You: "This query is slow. It takes 5 seconds for 1,000 rows.
     Here's the query: [SQL]
     Here's the schema: [schema]"

AI: "I see three issues:
    1. Missing index on the join column
    2. Loading more data than needed
    3. No result limit

    Here's the optimized version: [optimized SQL]"

The same debugging approach works for performance.

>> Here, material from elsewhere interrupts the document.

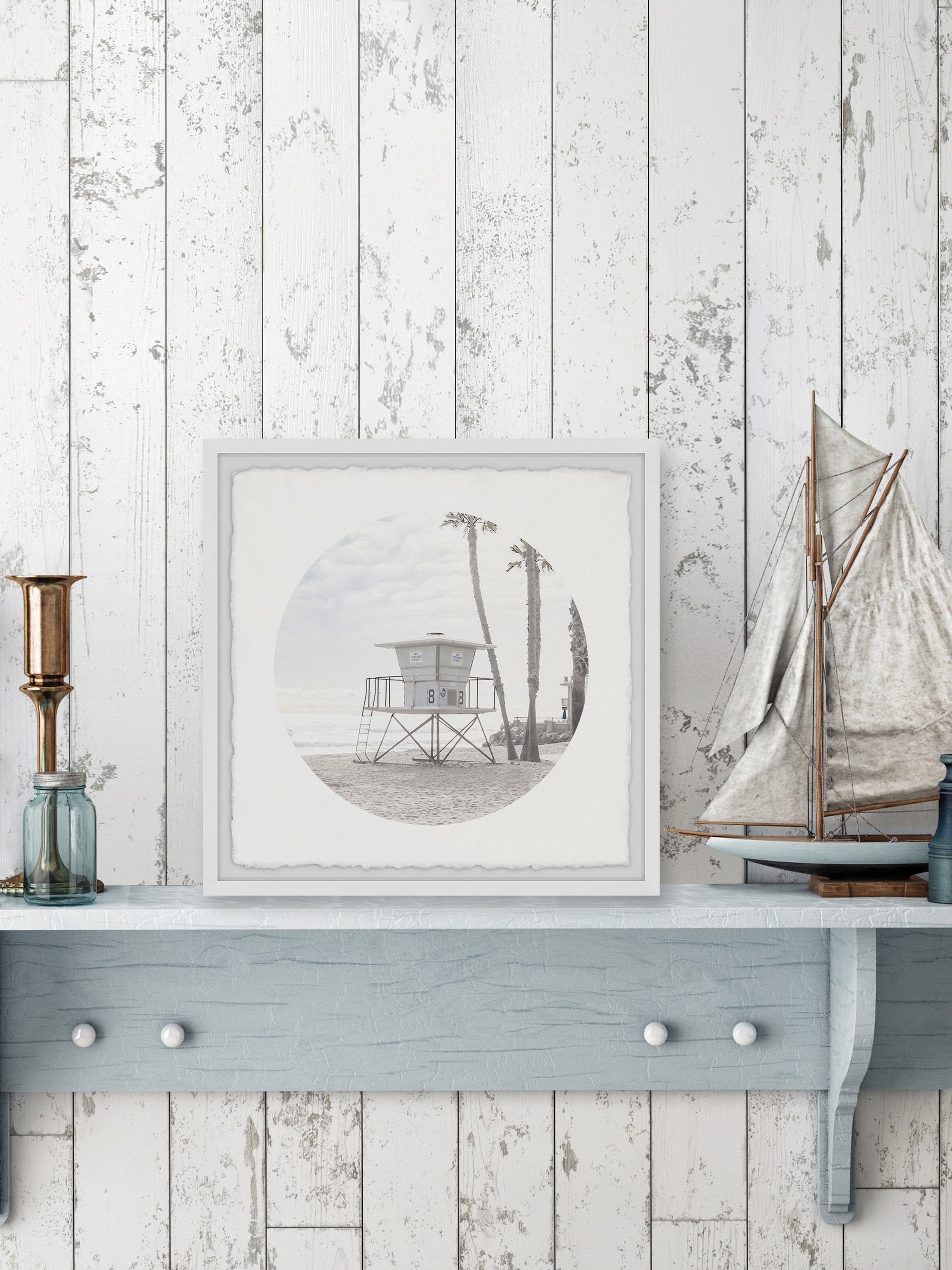 Marmont Hill Sand Beach Tower Framed Wall Art, 32" x 32"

Real-World Debugging Example

Error: "TypeError: user.profile.avatar.url is not defined"

Code:
function getAvatarUrl(userId) {
  const user = db.query('SELECT * FROM users WHERE id = ?', userId);
  return user.profile.avatar.url;
}

What you tried:
- Confirmed users have profiles in database
- Logged user object (profile field exists)
- Still throws error

Ask AI:
"Why would user.profile exist but user.profile.avatar be undefined?"

AI identifies:
- user.profile might be a string (JSON), not object
- Need to parse JSON
- Or avatar might be missing entirely

Solution:
function getAvatarUrl(userId) {
  const user = db.query('SELECT * FROM users WHERE id = ?', userId);
  const profile = typeof user.profile === 'string'
    ? JSON.parse(user.profile)
    : user.profile;
  return profile?.avatar?.url || null;
}

Exercises

  1. Stack Trace Analysis: Find a recent error in your code. Share with AI:

    • Full stack trace
    • Relevant code
    • What you expected Ask for analysis. How close was AI to the cause?
  2. Systematic Isolation: Find a failing feature. Try to isolate which part fails:

    • Test each sub-component
    • Narrow down to the broken function
    • Ask AI for help on just that function Note how isolation made the problem clearer.
  3. Debugging Session: Use AI to debug three real errors from your project:

    • Document each error
    • What caused it (after debugging)
    • How AI helped identify it
    • What you’ll do differently next time
  4. Rubber Duck Session: Pick a complex function. Ask AI to:

    • Explain what it does line-by-line
    • Identify any issues
    • Suggest improvements Compare this to debugging without AI.